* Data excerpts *
[Start of section]
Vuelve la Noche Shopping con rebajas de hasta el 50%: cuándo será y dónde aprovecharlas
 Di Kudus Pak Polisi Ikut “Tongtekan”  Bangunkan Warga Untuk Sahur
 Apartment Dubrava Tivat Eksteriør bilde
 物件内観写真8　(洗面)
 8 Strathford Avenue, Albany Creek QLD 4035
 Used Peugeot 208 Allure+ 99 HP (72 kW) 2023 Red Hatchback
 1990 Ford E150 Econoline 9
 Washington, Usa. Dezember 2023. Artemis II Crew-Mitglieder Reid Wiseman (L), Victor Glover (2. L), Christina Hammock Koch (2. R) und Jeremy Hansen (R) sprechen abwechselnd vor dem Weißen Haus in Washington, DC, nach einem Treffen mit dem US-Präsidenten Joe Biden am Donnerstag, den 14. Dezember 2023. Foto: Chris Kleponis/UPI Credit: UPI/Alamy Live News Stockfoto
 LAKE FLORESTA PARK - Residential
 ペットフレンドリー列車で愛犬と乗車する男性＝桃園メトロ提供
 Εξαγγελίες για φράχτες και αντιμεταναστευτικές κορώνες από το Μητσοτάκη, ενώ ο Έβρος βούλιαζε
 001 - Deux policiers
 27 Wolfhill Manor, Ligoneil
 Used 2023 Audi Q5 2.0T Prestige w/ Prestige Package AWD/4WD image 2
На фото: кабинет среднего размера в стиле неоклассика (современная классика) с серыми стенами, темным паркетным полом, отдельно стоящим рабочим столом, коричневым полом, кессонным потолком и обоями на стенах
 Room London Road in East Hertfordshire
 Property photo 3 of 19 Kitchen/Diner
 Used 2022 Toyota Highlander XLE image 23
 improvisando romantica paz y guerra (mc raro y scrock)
[End of section]
* Work required *
Output the records above exactly, from their first line through the line that contains "Used 2023 Audi", and add nothing.

* Expected answer *
Vuelve la Noche Shopping con rebajas de hasta el 50%: cuándo será y dónde aprovecharlas
 Di Kudus Pak Polisi Ikut “Tongtekan”  Bangunkan Warga Untuk Sahur
 Apartment Dubrava Tivat Eksteriør bilde
 物件内観写真8　(洗面)
 8 Strathford Avenue, Albany Creek QLD 4035
 Used Peugeot 208 Allure+ 99 HP (72 kW) 2023 Red Hatchback
 1990 Ford E150 Econoline 9
 Washington, Usa. Dezember 2023. Artemis II Crew-Mitglieder Reid Wiseman (L), Victor Glover (2. L), Christina Hammock Koch (2. R) und Jeremy Hansen (R) sprechen abwechselnd vor dem Weißen Haus in Washington, DC, nach einem Treffen mit dem US-Präsidenten Joe Biden am Donnerstag, den 14. Dezember 2023. Foto: Chris Kleponis/UPI Credit: UPI/Alamy Live News Stockfoto
 LAKE FLORESTA PARK - Residential
 ペットフレンドリー列車で愛犬と乗車する男性＝桃園メトロ提供
 Εξαγγελίες για φράχτες και αντιμεταναστευτικές κορώνες από το Μητσοτάκη, ενώ ο Έβρος βούλιαζε
 001 - Deux policiers
 27 Wolfhill Manor, Ligoneil
 Used 2023 Audi Q5 2.0T Prestige w/ Prestige Package AWD/4WD image 2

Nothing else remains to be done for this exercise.